Solved – Do I do threshold selection for the logit model on the testing or training subset

auccross-validationpredictive-modelsrocthreshold

I have data with a binary outcome and I am doing logit model selection using AIC and BIC. I have already withheld 30% of the data as a holdout sample (testing subset) and used the remainder (training subset) to do model selection.

In order to calculate accuracy, sensitivity, specificity, PPV, NPV and all of those parameters, I need a threshold. I plan on using Youden's index to maximize the difference between my test and the random chance line.

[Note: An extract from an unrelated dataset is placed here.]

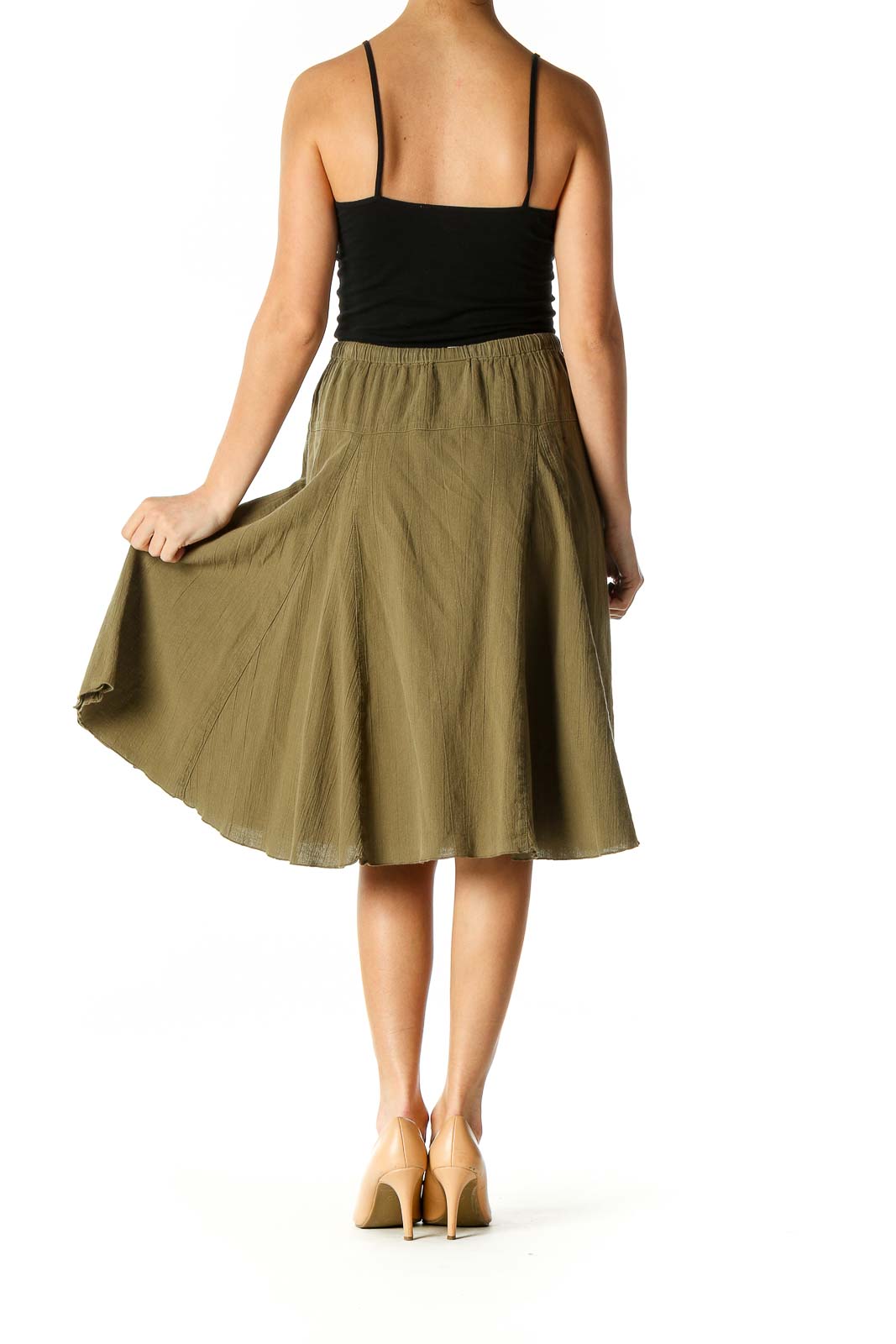 Green Flared Knee-Length Skirt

However, in generating the ROC curve, do I use the training data to generate the curve and choose a threshold, and then apply this threshold to the predicted values for the testing data? Or do I generate the ROC curve using the testing dataset and pick the threshold from that?

In the former case, I am generating an ROC curve based on data that were used to make the model, which seems like it would give me a falsely-high AUC (since the models are fit to that particular data), and the threshold chosen won't necessarily be the best threshold. But in the latter case, I am generating an ROC curve based on the testing data, data that the models have not seen, and picking an optimal threshold from this data. This seems a little cheaty as well, since I can pick the threshold that gives me the highest sensitivity/specificity for the testing subset, but this might not be the case for generalizing to the intended population.

TL;DR: do I pick my threshold based on an ROC curve generated with the model testing or model training data?

Thanks.

Best Answer

Generate the ROC curve and choose the threshold within the training data, but then report accuracy, sensitivity, etc. when using this threshold to make predictions in the test data.

AUC is not a great metric, but if you want it (and you don't want it to be optimistically biased), generate another ROC curve for the test data and report the AUC for that.